INFORMATION SUPPLIED —
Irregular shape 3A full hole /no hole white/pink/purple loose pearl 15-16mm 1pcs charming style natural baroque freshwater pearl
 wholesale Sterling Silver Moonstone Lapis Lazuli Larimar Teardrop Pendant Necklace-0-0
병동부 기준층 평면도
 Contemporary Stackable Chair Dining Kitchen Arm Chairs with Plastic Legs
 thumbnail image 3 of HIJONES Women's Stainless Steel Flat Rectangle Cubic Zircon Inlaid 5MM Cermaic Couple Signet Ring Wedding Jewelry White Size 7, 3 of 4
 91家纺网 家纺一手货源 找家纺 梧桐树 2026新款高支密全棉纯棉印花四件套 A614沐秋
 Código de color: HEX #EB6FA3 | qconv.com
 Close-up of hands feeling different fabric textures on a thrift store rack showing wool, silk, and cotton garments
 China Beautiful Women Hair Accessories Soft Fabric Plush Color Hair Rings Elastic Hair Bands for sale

TASK DIRECTIONS — What you give back should be the lines from the one with "thumbnail image 3" to the end of the data, copied exactly, both ends included.

EXERCISE ANSWER —
 thumbnail image 3 of HIJONES Women's Stainless Steel Flat Rectangle Cubic Zircon Inlaid 5MM Cermaic Couple Signet Ring Wedding Jewelry White Size 7, 3 of 4
 91家纺网 家纺一手货源 找家纺 梧桐树 2026新款高支密全棉纯棉印花四件套 A614沐秋
 Código de color: HEX #EB6FA3 | qconv.com
 Close-up of hands feeling different fabric textures on a thrift store rack showing wool, silk, and cotton garments
 China Beautiful Women Hair Accessories Soft Fabric Plush Color Hair Rings Elastic Hair Bands for sale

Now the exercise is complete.